Objects > Photograph of RUC transport

Description

Photograph of RUC transport

Date: 1924

Material: paper

Dimensions: 20 x 51 cm

Organisation: Royal Ulster Constabulary

Source: Police Museum

Photograph of RIC in Lancia armoured car with Lewis gun

Date: 1920

Material: paper

Dimensions: 20 x 15 cm

Organisation: Royal Irish Constabulary

Source: PRONI D1422/B/11/10

A photograph of the Royal Ulster Constabulary (RUC) transport division which shows (l-r) a Rolls-Royce armoured car, a Crossley tender, a Model T Ford, a Lancia cage car, a Model T Ford and a Dodge at the Musgrave Street Transport Depot in Belfast. After disbandment, the Royal Irish Constabulary’s (RIC) military vehicles were divided between the RUC and the Irish Free State Army.

The Rolls-Royce armoured car with heavy machine gun was first used by the Royal Naval Air Service during World War I. The vehicle was later adopted by the British army and deployed in Ireland to help combat the Irish Republican Army’s guerrilla-style attacks. After the signing of the Anglo-Irish Treaty the Irish Free State acquired 13 cars and the RUC bought six. The Rolls-Royce armoured car had a maximum speed of 45mph and consisted of a Silver Ghost chassis covered in armoured steel plating and a turret mounted with a Vickers .303 calibre machine gun. On border duty, the RUC draped a Union Flag on the bonnet of the car to distinguish it from Irish Free State Army’s armoured cars. The RUC continued to use Rolls-Royce armoured cars to patrol disturbed areas until 1948.

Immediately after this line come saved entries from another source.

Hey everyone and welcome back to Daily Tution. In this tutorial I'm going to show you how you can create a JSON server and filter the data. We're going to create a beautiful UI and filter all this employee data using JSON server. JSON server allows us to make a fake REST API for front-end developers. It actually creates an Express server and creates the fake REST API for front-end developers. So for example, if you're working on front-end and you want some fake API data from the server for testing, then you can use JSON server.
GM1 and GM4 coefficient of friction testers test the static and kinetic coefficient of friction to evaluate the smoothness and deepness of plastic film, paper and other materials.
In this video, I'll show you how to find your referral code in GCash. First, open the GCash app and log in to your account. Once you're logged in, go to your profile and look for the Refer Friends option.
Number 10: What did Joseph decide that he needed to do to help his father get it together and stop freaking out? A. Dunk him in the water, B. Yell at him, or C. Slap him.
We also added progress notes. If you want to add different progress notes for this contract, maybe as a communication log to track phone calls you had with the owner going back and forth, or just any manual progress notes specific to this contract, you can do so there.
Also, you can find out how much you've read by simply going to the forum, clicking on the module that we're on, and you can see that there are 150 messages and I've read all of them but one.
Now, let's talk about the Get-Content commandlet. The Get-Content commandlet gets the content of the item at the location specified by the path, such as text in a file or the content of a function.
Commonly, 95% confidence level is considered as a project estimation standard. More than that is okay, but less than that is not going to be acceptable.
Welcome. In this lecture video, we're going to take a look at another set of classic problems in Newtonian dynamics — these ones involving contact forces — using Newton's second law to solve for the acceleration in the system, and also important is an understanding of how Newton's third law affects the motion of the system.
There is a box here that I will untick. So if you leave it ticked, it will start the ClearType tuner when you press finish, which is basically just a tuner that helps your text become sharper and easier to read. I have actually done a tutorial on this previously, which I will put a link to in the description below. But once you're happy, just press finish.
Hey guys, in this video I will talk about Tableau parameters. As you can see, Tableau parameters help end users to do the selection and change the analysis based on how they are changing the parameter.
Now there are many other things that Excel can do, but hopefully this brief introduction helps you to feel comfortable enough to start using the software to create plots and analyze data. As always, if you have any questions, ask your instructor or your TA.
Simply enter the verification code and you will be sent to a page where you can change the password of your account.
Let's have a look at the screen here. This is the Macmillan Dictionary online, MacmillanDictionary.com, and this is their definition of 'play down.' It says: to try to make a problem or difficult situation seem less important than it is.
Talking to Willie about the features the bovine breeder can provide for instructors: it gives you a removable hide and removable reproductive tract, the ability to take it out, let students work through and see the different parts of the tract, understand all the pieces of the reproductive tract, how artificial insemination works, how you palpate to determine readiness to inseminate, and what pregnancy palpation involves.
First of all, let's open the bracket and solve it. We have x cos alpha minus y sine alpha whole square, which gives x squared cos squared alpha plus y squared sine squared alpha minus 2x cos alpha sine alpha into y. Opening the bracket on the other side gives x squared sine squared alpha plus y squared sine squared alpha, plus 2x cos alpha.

Originally used by the British army in Italy during World War I, the Lancia cage car was adopted by the RIC during the War of Independence to police disturbances and transport men. The Lancia had a maximum speed of 70 mph and was fitted with a steel box of armour which had loopholes for rifles. A metal plate protected the radiator from gunfire, and the cage prevented bricks, bottles and bombs being thrown into the vehicle. The RUC inherited 135 Lancias from the RIC and continued to use them to police civil disturbances in Belfast in the 1930s and during the IRA border campaign.